Thursday, October 15, 2015

Where Do You Find the Most Cancer-Causing Air Pollutants in Canada?

Identifying potential exposure reduction priorities using regional rankings based on emissions of known and suspected carcinogens to outdoor air in Canada (16 page pdf, Eleanor M. Setton, Basil Veerman, Anders Erickson, Steeve Deschenes, Roz Cheasley, Karla Poplawski, Paul A. Demers and C. Peter Keller, Environmental Health, Aug. 22, 2015)

Today we review a description of a new national inventory of hazardous air pollutants that are rated according to the exposure of the population to various carcinogens present. Results indicate that of 21 pollutants, arsenic and benzene are found at the top of the list for each province with most (73%) of the emissions coming from agriculture, construction and transportation 15% from residential wood burning and forest fires and only 6% from industrial sources.
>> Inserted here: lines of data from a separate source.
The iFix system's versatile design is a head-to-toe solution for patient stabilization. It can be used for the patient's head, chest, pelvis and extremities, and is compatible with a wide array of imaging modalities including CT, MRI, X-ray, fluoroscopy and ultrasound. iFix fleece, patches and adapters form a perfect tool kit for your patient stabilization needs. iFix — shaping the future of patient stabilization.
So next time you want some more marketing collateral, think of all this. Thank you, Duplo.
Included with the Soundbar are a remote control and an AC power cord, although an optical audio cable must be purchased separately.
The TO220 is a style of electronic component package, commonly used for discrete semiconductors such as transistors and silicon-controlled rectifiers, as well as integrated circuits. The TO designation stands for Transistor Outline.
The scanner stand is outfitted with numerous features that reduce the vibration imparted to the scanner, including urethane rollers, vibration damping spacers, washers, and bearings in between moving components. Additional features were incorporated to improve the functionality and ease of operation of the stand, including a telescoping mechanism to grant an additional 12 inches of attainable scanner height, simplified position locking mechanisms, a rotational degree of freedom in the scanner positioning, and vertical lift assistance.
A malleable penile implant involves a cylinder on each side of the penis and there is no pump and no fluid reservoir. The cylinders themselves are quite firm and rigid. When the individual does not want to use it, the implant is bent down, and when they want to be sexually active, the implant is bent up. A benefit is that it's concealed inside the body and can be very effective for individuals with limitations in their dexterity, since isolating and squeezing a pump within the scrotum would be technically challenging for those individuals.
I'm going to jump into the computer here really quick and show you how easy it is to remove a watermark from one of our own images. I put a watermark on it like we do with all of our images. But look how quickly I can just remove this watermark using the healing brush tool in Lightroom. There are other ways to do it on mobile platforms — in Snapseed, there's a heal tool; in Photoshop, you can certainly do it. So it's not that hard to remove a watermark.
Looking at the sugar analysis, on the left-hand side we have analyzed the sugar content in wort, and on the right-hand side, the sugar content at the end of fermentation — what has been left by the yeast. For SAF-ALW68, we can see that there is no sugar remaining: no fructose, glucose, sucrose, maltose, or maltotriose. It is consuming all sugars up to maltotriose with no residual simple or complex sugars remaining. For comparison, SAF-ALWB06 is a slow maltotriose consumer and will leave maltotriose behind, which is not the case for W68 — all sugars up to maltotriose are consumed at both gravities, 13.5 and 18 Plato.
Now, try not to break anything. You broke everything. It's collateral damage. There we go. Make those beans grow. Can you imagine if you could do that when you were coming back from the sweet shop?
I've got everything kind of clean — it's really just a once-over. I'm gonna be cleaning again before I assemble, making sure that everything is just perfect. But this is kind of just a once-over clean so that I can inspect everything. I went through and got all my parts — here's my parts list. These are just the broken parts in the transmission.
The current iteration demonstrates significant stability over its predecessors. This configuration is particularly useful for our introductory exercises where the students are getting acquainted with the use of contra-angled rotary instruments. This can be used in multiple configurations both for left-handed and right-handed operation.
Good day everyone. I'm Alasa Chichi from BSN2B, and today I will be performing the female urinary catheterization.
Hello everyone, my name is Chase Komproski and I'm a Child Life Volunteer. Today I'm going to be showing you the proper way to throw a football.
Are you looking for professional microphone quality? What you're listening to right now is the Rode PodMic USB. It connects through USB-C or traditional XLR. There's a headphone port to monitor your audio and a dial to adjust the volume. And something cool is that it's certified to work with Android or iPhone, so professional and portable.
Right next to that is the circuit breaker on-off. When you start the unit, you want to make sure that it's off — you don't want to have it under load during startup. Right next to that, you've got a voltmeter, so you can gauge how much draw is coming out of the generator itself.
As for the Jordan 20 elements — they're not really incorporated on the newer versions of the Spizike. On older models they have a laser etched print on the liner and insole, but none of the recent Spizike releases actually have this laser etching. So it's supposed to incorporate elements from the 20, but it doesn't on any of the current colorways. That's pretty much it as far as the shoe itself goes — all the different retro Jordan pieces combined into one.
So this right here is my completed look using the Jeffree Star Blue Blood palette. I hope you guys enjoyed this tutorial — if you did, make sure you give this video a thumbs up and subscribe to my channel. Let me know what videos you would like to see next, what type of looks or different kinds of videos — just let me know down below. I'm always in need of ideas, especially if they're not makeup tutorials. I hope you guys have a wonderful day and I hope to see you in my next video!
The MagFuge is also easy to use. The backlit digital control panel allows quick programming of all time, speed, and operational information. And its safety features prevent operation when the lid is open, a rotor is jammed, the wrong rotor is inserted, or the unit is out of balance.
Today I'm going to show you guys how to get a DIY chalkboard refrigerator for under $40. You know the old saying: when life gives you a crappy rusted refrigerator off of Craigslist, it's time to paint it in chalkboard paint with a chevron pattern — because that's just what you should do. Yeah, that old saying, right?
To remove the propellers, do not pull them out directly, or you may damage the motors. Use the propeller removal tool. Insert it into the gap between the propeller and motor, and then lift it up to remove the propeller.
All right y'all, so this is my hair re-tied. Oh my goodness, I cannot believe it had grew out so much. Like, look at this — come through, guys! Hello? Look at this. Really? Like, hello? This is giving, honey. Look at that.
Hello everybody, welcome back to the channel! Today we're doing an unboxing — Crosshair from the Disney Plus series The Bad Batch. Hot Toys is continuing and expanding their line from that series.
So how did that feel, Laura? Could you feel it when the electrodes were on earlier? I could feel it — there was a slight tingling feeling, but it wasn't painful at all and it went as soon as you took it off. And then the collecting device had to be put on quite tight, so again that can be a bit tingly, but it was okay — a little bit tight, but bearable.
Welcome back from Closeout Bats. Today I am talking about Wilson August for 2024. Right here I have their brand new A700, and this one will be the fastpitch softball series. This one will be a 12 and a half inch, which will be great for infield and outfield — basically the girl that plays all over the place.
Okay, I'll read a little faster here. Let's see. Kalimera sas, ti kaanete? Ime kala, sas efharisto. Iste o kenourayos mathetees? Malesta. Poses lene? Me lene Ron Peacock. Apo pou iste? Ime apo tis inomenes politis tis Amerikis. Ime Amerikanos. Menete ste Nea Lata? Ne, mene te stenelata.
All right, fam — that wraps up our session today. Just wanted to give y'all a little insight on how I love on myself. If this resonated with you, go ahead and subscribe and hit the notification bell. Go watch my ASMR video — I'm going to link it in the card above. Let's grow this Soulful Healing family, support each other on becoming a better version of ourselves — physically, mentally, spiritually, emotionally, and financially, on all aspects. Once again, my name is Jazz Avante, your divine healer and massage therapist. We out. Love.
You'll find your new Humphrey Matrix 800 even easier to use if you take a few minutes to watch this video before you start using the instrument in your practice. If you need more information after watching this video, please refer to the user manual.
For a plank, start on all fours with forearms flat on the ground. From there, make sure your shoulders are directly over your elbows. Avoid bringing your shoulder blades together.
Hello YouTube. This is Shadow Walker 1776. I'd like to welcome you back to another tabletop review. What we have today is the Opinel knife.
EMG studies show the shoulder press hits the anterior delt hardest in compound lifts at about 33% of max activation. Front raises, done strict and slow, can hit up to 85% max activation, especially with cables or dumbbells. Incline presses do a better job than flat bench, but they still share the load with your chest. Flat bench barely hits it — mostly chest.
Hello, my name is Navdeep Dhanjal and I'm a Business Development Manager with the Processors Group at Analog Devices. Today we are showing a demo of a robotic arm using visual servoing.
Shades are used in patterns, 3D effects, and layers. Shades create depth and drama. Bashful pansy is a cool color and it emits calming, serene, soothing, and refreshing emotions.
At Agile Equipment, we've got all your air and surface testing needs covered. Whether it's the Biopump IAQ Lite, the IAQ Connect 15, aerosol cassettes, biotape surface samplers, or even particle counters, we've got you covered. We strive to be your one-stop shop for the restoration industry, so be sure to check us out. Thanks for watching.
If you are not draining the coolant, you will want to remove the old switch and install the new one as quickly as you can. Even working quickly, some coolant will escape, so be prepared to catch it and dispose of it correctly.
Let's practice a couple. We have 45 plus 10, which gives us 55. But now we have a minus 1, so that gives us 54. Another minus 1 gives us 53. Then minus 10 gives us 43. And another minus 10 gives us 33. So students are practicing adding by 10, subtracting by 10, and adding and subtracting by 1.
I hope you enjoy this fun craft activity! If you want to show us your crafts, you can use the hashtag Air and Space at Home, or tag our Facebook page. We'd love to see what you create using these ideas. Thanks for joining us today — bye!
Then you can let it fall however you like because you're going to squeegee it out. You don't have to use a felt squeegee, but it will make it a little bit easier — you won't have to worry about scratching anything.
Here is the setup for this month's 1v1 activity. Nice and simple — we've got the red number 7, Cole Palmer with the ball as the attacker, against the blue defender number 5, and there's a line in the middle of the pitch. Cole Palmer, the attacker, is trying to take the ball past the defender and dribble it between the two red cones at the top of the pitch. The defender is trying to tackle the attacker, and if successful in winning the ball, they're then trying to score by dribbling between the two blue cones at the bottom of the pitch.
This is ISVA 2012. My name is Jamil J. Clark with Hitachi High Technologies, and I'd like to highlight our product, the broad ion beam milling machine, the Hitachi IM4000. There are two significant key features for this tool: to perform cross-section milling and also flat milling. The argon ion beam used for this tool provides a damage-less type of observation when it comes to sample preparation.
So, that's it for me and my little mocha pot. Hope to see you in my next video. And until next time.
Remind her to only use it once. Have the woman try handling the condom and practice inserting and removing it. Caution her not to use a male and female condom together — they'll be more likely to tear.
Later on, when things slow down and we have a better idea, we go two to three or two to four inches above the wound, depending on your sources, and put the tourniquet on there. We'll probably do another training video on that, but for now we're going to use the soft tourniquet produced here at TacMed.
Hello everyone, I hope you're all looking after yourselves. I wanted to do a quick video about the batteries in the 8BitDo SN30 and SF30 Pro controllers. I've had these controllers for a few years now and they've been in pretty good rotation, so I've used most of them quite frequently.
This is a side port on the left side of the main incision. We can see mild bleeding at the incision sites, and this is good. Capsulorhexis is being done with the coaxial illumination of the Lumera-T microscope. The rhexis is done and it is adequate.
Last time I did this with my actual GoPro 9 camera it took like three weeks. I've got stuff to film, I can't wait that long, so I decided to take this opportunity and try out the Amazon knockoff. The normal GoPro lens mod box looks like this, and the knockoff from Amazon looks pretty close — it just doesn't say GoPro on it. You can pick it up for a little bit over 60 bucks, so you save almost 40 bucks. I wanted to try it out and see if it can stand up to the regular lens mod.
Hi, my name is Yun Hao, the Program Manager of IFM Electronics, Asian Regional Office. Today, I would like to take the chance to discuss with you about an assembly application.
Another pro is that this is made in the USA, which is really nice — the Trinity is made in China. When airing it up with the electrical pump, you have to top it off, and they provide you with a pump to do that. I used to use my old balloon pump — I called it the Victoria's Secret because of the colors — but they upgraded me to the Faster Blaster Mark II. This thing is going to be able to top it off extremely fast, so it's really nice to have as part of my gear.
Quebec was found to have the highest contributions from arsenic.

cdn provinces ranked by hazardous polluants  

Key Quotes:

“long-term health risks (cancer and non-cancer) were estimated by calculating exposure (intake) and applying cancer risk factors or non-cancer hazard quotients to the resulting intake level. This process enables the ranking of air pollutants based on lifetime excess cancer risk or non-cancer hazard indices in each census tract[under the National-Scale Air Toxics Assessment (NATA) program ]”

“the CAREX Emissions Mapping Project (EMP) in Canada, a Google Earth-based data set that includes indicators based on emissions of 21 known and suspected carcinogens to air, as reported to the NPRI [National Pollutant Release Inventory (NPRI)] and from our own estimates of emissions from transportation and residential heating”

"in 2011, Environment Canada estimated emissions of fine particulates in Canada to be on the order of 1.18 million tonnes …Of that, 73 % was attributed to dust from agriculture, construction, and transportation; 9 % to residential wood burning; 6 % to forest fires; and only 6 % to industrial activities”

“between 94 and 99 % of Total TEQ [annual toxic equivalent emissions to air in kilograms for each substance], for each province or territory is contributed by only five substances, based on the associated TEQ ranks ... Arsenic was most frequently the top contributor to Total TEQ, followed by benzene, benzo[a]pyrene, 2, 3, 7, 8-tetrachlorodibenzo -p-dioxin (TCDD), 1,3-butadiene, lead and benzo[b]fluoranthene”

“in Quebec, arsenic emissions are the top contributor to Total TEQ”

“our results suggest that wood smoke from residential heating may be an important source of cancer-related pollutants, indicating a shift away from focusing on industrial activities may be warranted in some regions of Canada.”